It’s Summer 2005 and I bring a binder of photos, my own family album, to my shrink’s office at Beth Israel Hospital in the East Village. It is a Tuesday afternoon, and I’ve high-tailed it down here on a long lunch hour from the midtown proofreading job. We’re about a month away from moving out of the city upstate to Albany. Everything seems to have fallen into place. This is before we go through our search for a baby, but long after I have tried to figure Cousin Mike out.

My shrink asked me to do this for months, years maybe, but I’ve kept putting it off, kept forgetting. Finally, on a bright morning in Park Slope, Brooklyn, on the last day I will see my shrink, I set out from my apartment to the F train with photos I’ve collected and stolen from relatives over the years and compiled into my own family album.

As I flip through the three-ringed binder, there are high school buddies, kiddy photos, mom, dad, sister, grandmom and grandpop, aunts and uncles, cousins and nephews. I flip the pages and I talk.  There’s my sister, draped with a homecoming court on the Maple Shade High School track. There’s me and my mom after the divorce, a For Sale sign on our lawn, standing front of the gray primer-coated van.

My shrink stops me when we get to the baby pictures—a photo booth strip of me at five months old, on my dad’s lap.

“He’s not touching you,” he says. His voice has the “eureka!” tone I’d never heard from him, not in the three years we’ve been meeting. “He’s propping you up with the tips of his fingers. He’s holding you away from his chest.”

This marks the rare time my shrink didn’t observe something with one of those therapy-speak questions, the Socratic kung-fu table-turn that works most of the time but it is at times maddening. He has made a declaration; he’s noticed something, and he tells me outright.  And he’s right: I am raised above my father’s thighs, suspended like a specimen, with only his fingertips touching my belly’s sides.  We start to notice other baby picture that play out the same tableau.

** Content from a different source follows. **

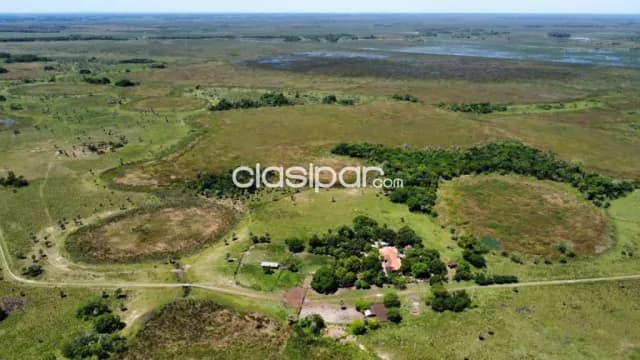 Estancia 244has en Tacuaras Neembucu - Agropecuaria con casas, corral y agua, foto 3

Then he points at a picture of me, years later, on the beach in Ocean City with my grandparents. We pose next to a lifeguard boat, as we did every summer.  My grandpop, who I thought was one of the surliest men alive, has both hands on my shoulder. His smile is so wide that the tops of his cheeks bump under his thick-ass Michael Caine glasses.  My grandmom strikes a more regal pose, hooks her arm around mine, as we are entering a formal dance.

“Look, they’re all over you,” he says.  “You can see how much they love you, and they’re not shy about it. In those other pictures, your father holds you at a distance.”

grandmomgrandpopme1978This difference, at least as it was pointed out to me this Tuesday afternoon, strikes me as dramatic. I think about the lack of touch over the years, the lack of love, and it comes up to the surface of my skin. “You do not stop hungering for your father’s love,” Paul Auster writes in The Invention of Solitude. When the father dies, the son becomes his own father and his own son. I am a 36-year-old man, crying in a back office in a teaching hospital, and at least in this moment, I think I have figured it all out. I am not thinking of how my eyes will clear up as I walk to the elevator at the end of my appointment.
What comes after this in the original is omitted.